▶ **Work request**
Copy exactly the lines of the records below, and only those lines, beginning with the line that contains "Alt view image" and ending with the line that contains "Dan Post Boots".
-- Listed records follows --
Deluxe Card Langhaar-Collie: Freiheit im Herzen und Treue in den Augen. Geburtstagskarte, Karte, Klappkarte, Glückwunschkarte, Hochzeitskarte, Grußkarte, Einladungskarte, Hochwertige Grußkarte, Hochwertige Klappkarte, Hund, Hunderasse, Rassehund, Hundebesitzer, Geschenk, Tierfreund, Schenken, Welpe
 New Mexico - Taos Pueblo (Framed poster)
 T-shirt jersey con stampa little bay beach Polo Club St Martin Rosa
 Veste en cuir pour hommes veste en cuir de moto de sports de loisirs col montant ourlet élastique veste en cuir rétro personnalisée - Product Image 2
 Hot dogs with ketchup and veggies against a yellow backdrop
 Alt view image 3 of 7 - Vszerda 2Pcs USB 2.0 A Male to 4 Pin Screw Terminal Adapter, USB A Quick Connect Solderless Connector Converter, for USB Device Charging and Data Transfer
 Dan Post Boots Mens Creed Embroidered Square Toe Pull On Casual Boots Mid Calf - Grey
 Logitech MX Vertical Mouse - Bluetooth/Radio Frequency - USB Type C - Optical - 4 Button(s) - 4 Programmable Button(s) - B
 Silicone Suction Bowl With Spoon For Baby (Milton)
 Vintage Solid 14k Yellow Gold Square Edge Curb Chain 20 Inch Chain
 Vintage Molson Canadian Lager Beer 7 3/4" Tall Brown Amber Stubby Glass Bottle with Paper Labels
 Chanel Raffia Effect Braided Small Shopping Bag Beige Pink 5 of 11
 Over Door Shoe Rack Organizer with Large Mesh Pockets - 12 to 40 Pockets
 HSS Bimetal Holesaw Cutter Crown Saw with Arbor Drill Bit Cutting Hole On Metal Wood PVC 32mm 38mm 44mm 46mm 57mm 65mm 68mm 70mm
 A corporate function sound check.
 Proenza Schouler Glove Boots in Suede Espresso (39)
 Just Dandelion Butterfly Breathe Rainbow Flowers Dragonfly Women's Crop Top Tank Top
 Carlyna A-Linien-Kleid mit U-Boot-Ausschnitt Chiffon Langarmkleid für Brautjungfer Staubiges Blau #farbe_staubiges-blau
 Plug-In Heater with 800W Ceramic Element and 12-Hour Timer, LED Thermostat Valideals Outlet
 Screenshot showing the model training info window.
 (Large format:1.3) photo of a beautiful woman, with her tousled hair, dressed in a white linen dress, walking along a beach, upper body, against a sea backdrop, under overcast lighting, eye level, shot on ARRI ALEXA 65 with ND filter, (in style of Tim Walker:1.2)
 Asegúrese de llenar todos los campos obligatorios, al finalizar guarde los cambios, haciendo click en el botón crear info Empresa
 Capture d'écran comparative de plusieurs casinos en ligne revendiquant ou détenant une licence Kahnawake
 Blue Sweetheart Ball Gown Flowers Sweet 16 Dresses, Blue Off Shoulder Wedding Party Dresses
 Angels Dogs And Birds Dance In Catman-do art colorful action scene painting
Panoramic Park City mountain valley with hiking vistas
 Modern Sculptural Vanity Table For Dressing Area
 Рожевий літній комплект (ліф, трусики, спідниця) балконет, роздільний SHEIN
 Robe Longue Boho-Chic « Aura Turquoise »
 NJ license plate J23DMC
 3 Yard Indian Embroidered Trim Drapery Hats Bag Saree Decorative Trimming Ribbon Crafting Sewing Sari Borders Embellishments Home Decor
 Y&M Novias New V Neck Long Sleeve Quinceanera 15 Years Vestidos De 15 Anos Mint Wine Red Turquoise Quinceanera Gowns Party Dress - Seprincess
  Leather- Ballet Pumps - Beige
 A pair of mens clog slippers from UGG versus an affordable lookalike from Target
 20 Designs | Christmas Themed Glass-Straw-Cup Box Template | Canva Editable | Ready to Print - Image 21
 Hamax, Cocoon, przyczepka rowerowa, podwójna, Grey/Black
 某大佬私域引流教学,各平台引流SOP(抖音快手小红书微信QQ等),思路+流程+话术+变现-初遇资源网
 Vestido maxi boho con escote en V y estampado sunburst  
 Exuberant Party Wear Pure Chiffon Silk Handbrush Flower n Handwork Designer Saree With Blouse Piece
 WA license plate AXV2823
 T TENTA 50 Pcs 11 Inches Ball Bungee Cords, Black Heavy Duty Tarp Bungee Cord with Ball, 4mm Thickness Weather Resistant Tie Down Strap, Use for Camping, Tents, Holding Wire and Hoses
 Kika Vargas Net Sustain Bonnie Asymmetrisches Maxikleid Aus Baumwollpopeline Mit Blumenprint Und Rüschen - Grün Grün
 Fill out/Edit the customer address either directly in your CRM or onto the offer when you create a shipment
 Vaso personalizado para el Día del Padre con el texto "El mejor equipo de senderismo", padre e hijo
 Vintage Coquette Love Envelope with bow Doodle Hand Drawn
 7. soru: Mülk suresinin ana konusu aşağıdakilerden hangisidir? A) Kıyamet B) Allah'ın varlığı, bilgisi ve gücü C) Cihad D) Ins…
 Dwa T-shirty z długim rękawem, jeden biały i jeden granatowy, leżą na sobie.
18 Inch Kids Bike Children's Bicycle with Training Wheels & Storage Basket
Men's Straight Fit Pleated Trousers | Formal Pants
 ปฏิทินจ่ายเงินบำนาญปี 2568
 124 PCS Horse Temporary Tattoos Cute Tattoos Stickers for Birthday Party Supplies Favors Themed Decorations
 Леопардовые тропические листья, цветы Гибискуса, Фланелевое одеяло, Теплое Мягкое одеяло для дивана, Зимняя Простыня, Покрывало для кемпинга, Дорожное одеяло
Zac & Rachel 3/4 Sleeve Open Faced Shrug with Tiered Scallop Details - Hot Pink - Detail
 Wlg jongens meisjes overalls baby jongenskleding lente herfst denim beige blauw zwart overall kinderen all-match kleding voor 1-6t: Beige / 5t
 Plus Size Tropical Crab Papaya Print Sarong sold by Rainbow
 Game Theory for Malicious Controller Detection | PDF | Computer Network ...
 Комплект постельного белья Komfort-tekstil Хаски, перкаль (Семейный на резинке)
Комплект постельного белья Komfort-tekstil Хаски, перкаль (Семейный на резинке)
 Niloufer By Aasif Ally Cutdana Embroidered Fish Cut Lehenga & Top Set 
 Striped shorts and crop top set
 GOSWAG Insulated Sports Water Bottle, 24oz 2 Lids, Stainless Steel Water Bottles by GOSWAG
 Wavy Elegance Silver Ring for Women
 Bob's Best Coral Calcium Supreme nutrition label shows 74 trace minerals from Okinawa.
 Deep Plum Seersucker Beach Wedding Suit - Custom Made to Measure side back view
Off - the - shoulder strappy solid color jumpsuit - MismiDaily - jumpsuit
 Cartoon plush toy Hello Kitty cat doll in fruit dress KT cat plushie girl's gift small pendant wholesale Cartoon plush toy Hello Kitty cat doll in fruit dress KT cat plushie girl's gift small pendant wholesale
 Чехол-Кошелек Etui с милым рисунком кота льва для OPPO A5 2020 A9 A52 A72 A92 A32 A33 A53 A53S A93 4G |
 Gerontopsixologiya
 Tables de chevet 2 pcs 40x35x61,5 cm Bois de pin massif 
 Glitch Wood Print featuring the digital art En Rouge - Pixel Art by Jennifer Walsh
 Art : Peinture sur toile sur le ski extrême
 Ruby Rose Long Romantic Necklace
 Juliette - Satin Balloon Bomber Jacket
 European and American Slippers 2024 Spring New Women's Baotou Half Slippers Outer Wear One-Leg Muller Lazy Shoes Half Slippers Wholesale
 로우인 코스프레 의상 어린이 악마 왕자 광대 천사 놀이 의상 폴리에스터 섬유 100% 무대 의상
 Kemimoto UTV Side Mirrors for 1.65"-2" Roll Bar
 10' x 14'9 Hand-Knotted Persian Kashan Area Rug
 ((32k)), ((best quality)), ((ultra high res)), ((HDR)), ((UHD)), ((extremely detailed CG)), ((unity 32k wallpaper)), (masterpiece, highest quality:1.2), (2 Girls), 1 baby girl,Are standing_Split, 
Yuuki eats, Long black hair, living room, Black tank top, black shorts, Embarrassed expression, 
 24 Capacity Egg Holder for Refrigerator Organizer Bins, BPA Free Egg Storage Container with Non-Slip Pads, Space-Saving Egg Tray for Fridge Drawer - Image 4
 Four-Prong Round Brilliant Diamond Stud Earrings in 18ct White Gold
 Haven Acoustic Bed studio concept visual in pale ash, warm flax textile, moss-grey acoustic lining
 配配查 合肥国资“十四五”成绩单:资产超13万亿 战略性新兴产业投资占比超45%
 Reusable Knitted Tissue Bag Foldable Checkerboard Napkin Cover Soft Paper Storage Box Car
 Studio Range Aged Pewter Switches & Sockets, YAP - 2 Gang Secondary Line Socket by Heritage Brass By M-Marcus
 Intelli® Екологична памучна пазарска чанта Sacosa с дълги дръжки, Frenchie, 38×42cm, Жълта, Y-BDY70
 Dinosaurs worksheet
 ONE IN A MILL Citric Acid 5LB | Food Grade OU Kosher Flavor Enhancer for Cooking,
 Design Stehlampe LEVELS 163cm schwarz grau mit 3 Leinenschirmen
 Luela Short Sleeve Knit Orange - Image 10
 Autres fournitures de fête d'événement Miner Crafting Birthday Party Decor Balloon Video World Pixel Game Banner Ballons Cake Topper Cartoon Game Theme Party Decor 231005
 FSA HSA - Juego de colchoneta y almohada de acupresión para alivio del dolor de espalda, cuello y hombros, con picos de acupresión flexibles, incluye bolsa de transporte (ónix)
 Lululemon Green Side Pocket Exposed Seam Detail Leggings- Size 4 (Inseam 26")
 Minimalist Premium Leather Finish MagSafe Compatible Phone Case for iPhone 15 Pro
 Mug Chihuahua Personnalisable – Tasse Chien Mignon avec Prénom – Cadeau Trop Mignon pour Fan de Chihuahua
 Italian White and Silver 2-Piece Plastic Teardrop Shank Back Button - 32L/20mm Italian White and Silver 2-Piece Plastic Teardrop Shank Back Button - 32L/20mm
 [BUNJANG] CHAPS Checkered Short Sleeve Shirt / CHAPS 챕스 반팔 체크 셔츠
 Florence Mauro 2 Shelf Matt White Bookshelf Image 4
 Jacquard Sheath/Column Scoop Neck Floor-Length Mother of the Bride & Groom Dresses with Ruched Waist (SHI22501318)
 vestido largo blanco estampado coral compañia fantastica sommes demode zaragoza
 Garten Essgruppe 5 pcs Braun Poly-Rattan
-- Listed records concluded --
▶ **Solved problem**
 Alt view image 3 of 7 - Vszerda 2Pcs USB 2.0 A Male to 4 Pin Screw Terminal Adapter, USB A Quick Connect Solderless Connector Converter, for USB Device Charging and Data Transfer
 Dan Post Boots Mens Creed Embroidered Square Toe Pull On Casual Boots Mid Calf - Grey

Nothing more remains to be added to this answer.